Friday, April 18, 2014

R.I.P. Gabriel Garcia Marquez

R.I.P., Gabriel Garcia Marquez, the great Colombian writer who died yesterday at the age of 87. Although he was Colombian, he also lived in various places in Europe and South America, and was regarded as a revered representative of all of Latin America. He won the Nobel Prize for Literature in 1982, is widely considered to be the greatest writer writing in Spanish, and is one of the greatest writers writing in any language. He wrote several novels, novellas, short story collections, and books of journalism, but is best known for his novel “One Hundred Years of Solitude” (1967), which has sold more than 50 million copies in more than 25 languages. Other notable and also very popular novels are “Love in the Time of Cholera” and “Autumn of the Patriarch.” An indicator of the wide reach of his work: According to the Associated Press (San Francisco Chronicle, 4/18/14), “His flamboyant and melancholy fictional works…outsold everything published in Spanish except the Bible.” He is generally known as a leading representative of Latin America’s “magical realism,” but is also noted as being an astute observer of everyday life.

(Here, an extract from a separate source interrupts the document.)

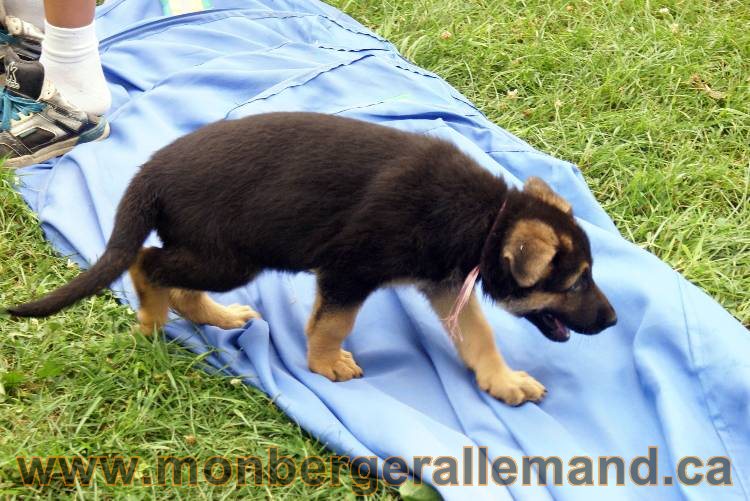 Chiots berger allemand a Kenya 25 juillet 2011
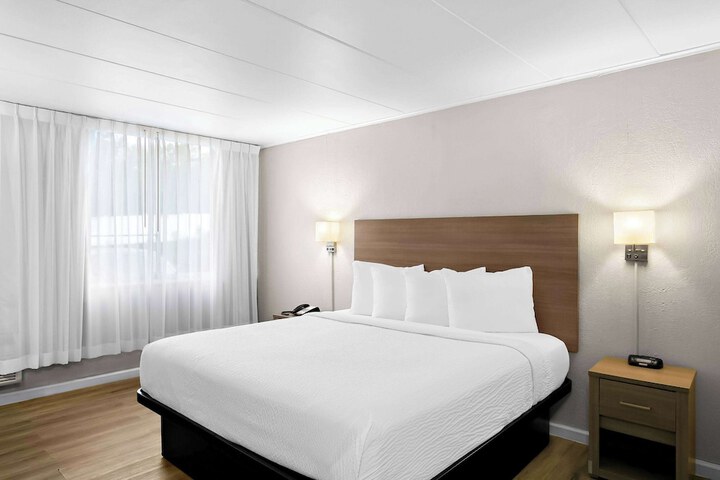 1 King Bed (5 of 8)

He was influenced by the work of Virginia Woolf and William Faulkner, among others. This great author wrote about Latin America in a way that showed the world its beauty and its sorrows, as he put it himself in his Nobel Prize acceptance speech. This certainly included politics, but, as Michiko Kakutani writes in the New York Times (4/17/14) upon Garcia Marquez’s death, “In the end, it’s not politics, but time and memory and love that stand at the heart of Mr. Garcia Marquez’s work.” This is what draws so many readers, and this is what makes him such a great writer. I have read some of his novels over the years, and at one time was very interested in magical realism, reading several of the great South American writers; in later years, I was less drawn to such writing, but I never stopped admiring the greatness of this writer for the ages, Gabriel Garcia Marquez.